HAVANA (Reuters) - In a cramped apartment just behind the renowned Partagas cigar factory in central Havana, the factory worker displayed his wares.
Shiny wooden boxes of Cohiba, Montecristo and Partagas cigars — considered among the finest in the world — emerged from a duffel bag as the worker, who gave his name as Jose but asked not to be identified further, offered them at a steep discount to those on sale in the Partagas store.
“This isn’t stealing. We do it to survive,” said Jose, who explained that his wage in the factory amounted to less than $20 a month. Without slipping cigars out of the state-run business and selling them to tourists, he and his family would not get by, Jose said.
Cuba’s communist authorities take a dim view of such “survival” tactics, which have existed for years in some form or other in a society whose citizens often wryly joke “if it’s not illegal, it’s prohibited.”
A popular Sunday night drama on state television highlights the crimes and punishment — including long jail terms — meted out to Cubans responsible for “counterrevolutionary” acts such as black market sales of goods, such as beef, cigars and rum.
“I could get in a lot of trouble just for talking to you ... I could go to prison,” said the Partagas worker.
He and three fellow workers reaped just 20 percent of the revenues from the “bolsa negra” or black market deals, Jose said.
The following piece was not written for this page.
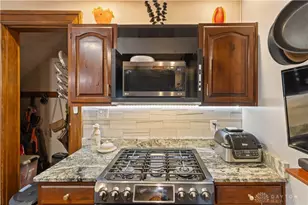223 Grafton Ave, Dayton, OH 45406 - Photo 12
Plant managers and foremen keep the other 80 percent and split it among themselves and police or Interior Ministry officials who turn a blind eye to the illicit sales, he said.
Former President Fidel Castro complained bitterly about theft from the workplace in a speech in November 2005. But he fell ill not long after that, and little seems to have been done about a problem so commonplace that Castro described it as having created a class of “nuevos ricos” or new rich which he said threatened the very lifeblood of the Cuban Revolution.
The government routinely blames many of Cuba’s economic problems on the U.S. trade embargo against the island that which has been in place since 1962.
But the problem of theft from state-owned businesses is an embarrassment for a government that has long prided itself on socialist egalitarianism and a sense of ethical superiority.
President Raul Castro, who took over from his ailing elder brother Fidel last year, has called for more efficiency, austerity and sacrifice as the global recession squeezes the centralized Cuban economy with dips in foreign currency earners such as tourism and nickel.
Nevertheless, many Cubans see themselves as victims of a flawed economy and say workplace theft is one of the things still keeping the Cuban Revolution alive.
“It’s sort of our escape valve,” said one taxi driver, who asked not to be named. “If they were to take that away people could get pretty angry and things might get out of hand.”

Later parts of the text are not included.